# WORK ITEM:
In the listing that follows, find the line with "Edificio all\'aperto - Casa", then copy exactly from it through the line with "66, Balestrate - foto 9", leaving out every picture.

# EXERCISE DATA:
——

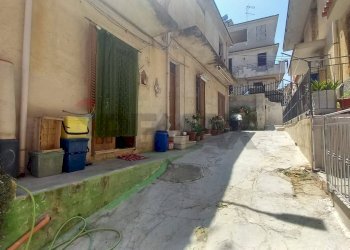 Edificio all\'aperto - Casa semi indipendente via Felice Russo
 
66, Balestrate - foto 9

——

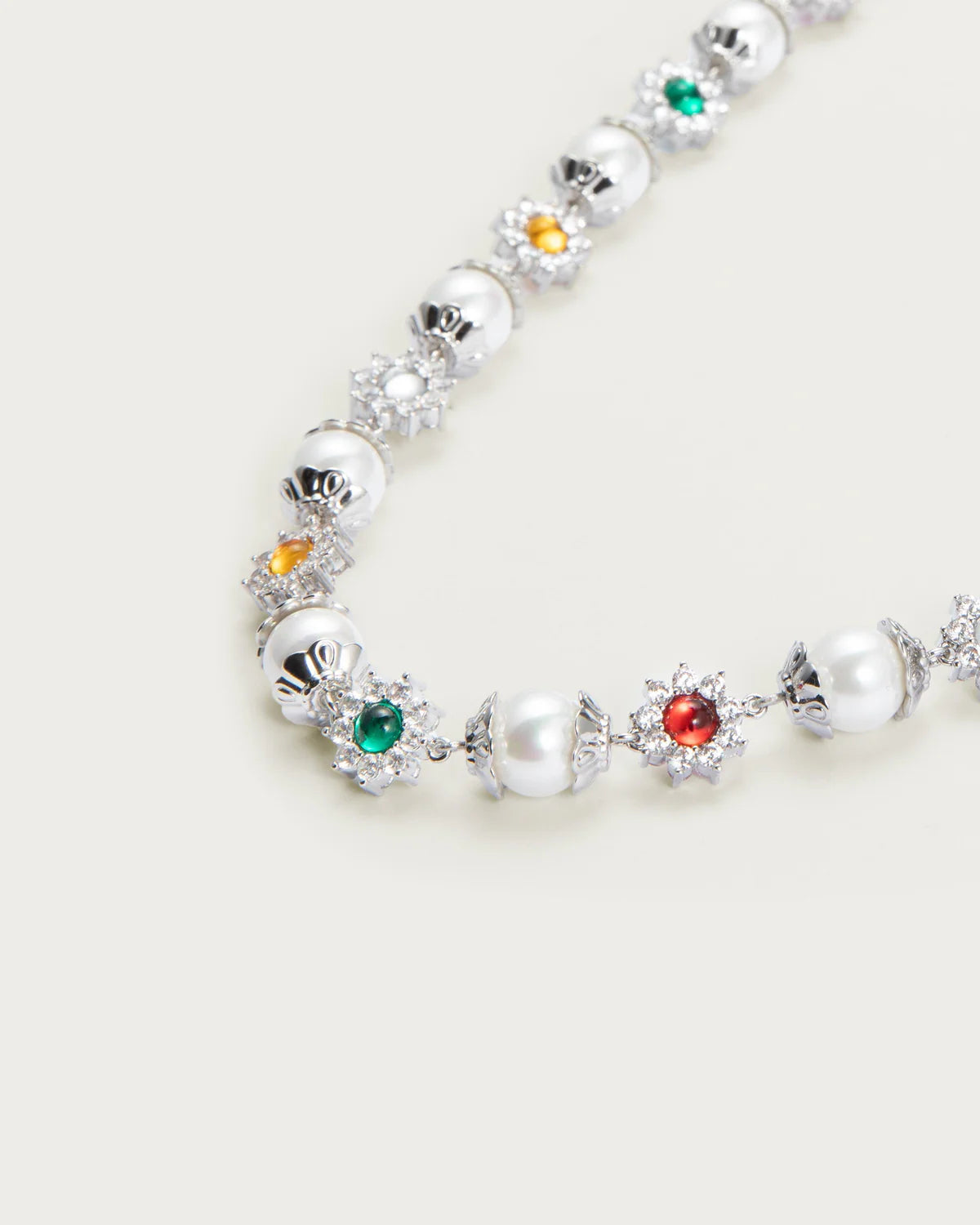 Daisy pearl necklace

——

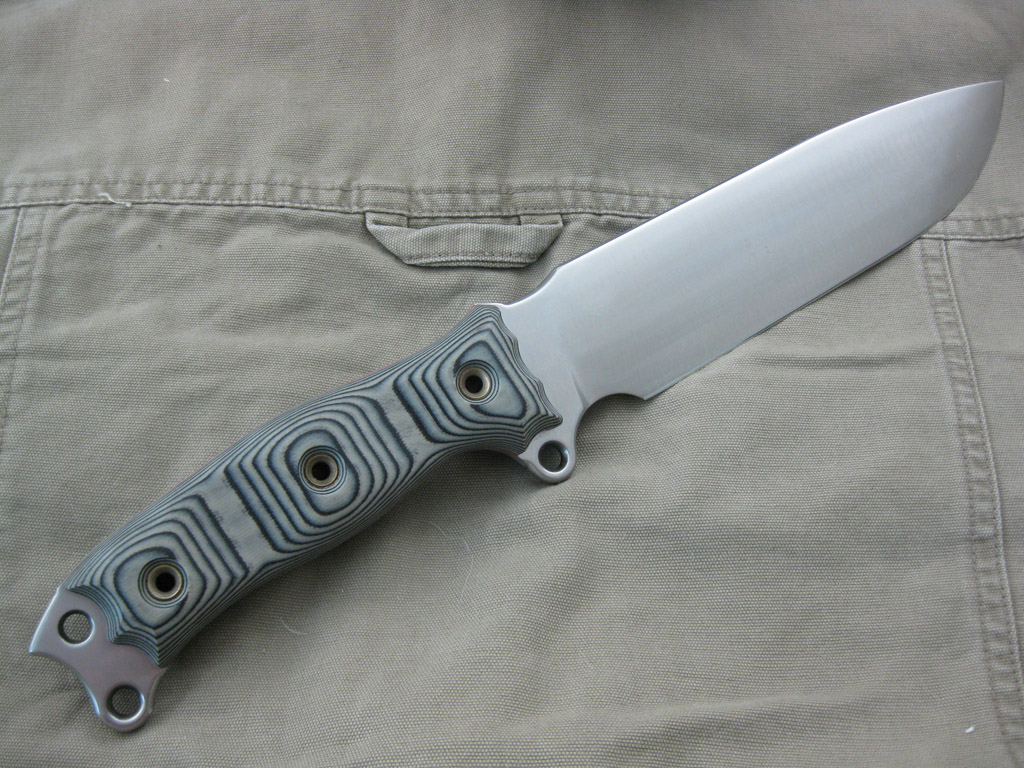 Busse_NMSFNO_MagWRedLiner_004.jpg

——

# EXERCISE RESPONSE:
 Edificio all\'aperto - Casa semi indipendente via Felice Russo
 
66, Balestrate - foto 9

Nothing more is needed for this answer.